We are planning on using a tagging system similar to what is implemented on this very site.

We have the actual tagging front-end, and the autocomplete etc working.

But I am a but confused as to the best way to handle it on the back end.

Basically, when we get the tags on the backend we end up with an array that looks like:

array(
  array(
    'value' => 1,
    'label' => 'First Tag'
  ),
  array(
    'value' => 2,
    'label' => 'Second Tag'
  ),
  array(
    'value' => 'Third Tag',
    'label' => 'Third Tag'
  ),
  array(
    'value' => 3,
    'label' => 'Fourth Tag'
  ),
)

The tagging plugin also receives the same array format json_encode()'d via ajax when it autocompletes, it displays the label, and stores the id so it can send it back.

So, tags with the values 1,2,3 are tags that were selected from the autocomplete.
The tag with the value of Third Tag is one that was not selected from the autocomplete, and may, or may not already exist in the database but has been typed in manually.

Now there is the change that a user could actually create a tag that happens to be a number, hence

array(
  'value' => 3,
  'label' => 3
)

Could come through, but not already exist, so we can't just assume that if value is an int then it already exists.
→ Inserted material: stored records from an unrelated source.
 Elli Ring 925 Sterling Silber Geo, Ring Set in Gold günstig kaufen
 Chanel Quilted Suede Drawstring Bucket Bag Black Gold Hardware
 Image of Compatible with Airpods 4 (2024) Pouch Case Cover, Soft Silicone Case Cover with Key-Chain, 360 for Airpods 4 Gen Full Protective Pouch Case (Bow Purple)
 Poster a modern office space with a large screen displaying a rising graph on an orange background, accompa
So, the first part of this question is, how do I manage this so I do not end up with duplicate tags?

My current approach is, when when the tagging plugin requests tags via autocomplete I send back an array like

(term = 'pin')

array(
  array(
    'value' => '||1',
    'label' => 'pink'
  ),
  array(
    'value' => '||4',
    'label' => 'pin cushion'
  )
)

and then on the back end just assume that any tags that have a value starting with || have come from the autocomplete and already exist.

Then, we query the database for all tags, with the rest of the tags we check to find out if the value exists the array's label keys, if it does we just leave it as is, if it doesn't we create it, and then we switch out the value with the new id in the original array.
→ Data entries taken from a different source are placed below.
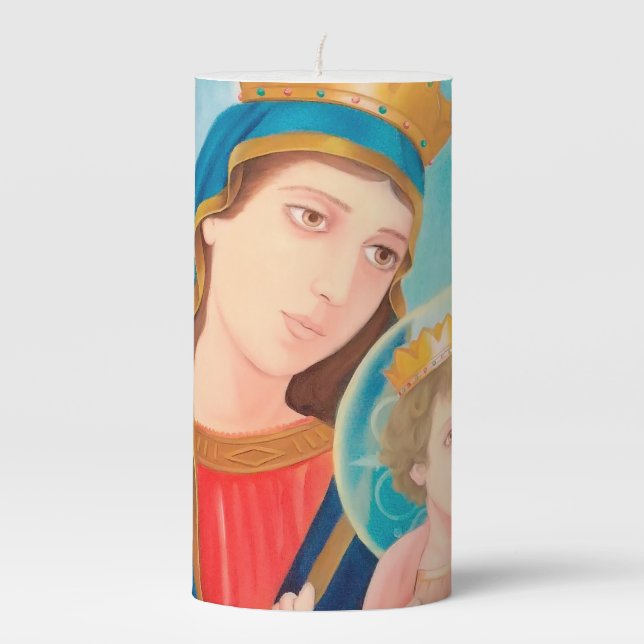 Our Lady of Perpetual Help Catholic Pillar Candle (Front)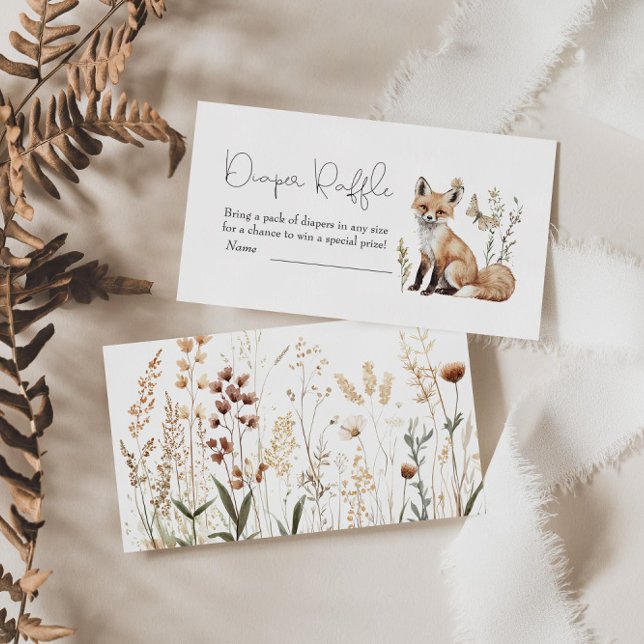 Woodland Baby Shower Diaper Raffle Enclosure Card (Creator Uploaded)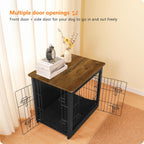 DWANTON Dog Crate Furniture with Cushion, Wooden Kennel Table with Double Doors, Indoor Dog House, Small/Medium/Large Size, 27.2" L, Black+Warm Brown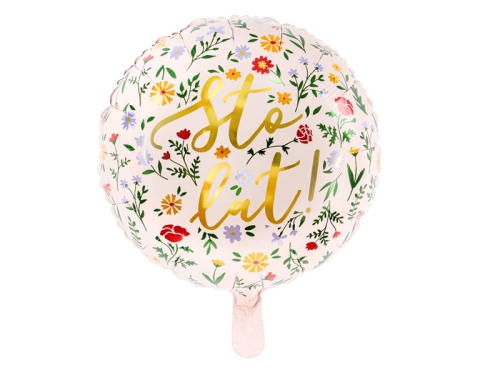 BALON PARTY DECO STO LAT KWIATKI JASNORÓŻOWY 14'' 35cm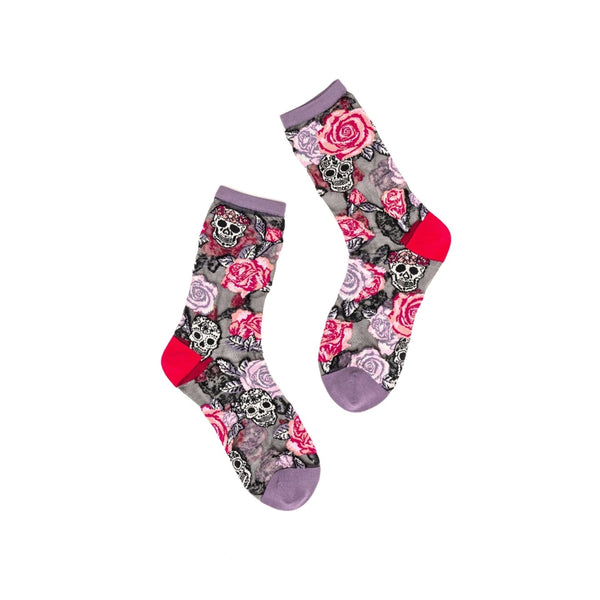Skulls & Roses Sheer Socks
But that feels hacky to me, it means we are using a filler item (||) there must be a more elegant way of doing that?

The next part of the question is, actually linking these tags to an item. This is more in context of editing a question on this site,

Some tags are already linked with a question. how do you handle it so that you don't end up with duplicate tag references on a question?

I see two options so far: Remove all links to tags from the question, then insert them all again.(2 queries)
or
Query the database for all tags connected to the question, loop over the array removing those tags from the array, then insert the remainder. (2 queries)

Is either method better than the other? or is there a third version?


Solution

  • Any kind of duplicate key question could be resolved at the DB level by adding a unique constraint on the relevant fields. All of your codes interactions with the tags should be done using the text label, which should serve as the unique identifier for the tag. Any type of numeric ID serves no purpose for the application itself and therefore there is no need for it to peek out from behind the repository layer. This would also address differentiating existing/new tags...effectively the application doesn't care and it treats the tags as persisted Value Objects rather than worrying about any kind of Entity style life-cycle. In the repository call where the tag is associated with the article create the tag if it is not already present. The ID will primarily benefit performance wise when doing the JOIN(s) needed for tag queries (and really doesn't anywhere else), which is again something the application shouldn't care about outside of the repository which does the join.

    The safest and simplest bet for updating tags, including deletions, would be to blast out the existing tags and write new ones. This ensures that the persisted state matches the UI input completely and consistently, and realistically this would not be an expensive operation, nor would it be performed often enough to care about (though a simple programmatic check to see whether an update is needed would help prevent needless writes). It's 2 queries that should be wrapped in a transaction and could be batched together, and the DELETE in particular should be very cheap so long as the proper index is in place, so its not the kind of multiple query you need to worry about.

    If for some bizarre reason you were overly anxious on minimizing the work of the database, you could store a version of the tags beforehand and then afterwards and do the queries appropriate for the delta, but this is far more fragile, and could also introduce many complex concurrency concerns.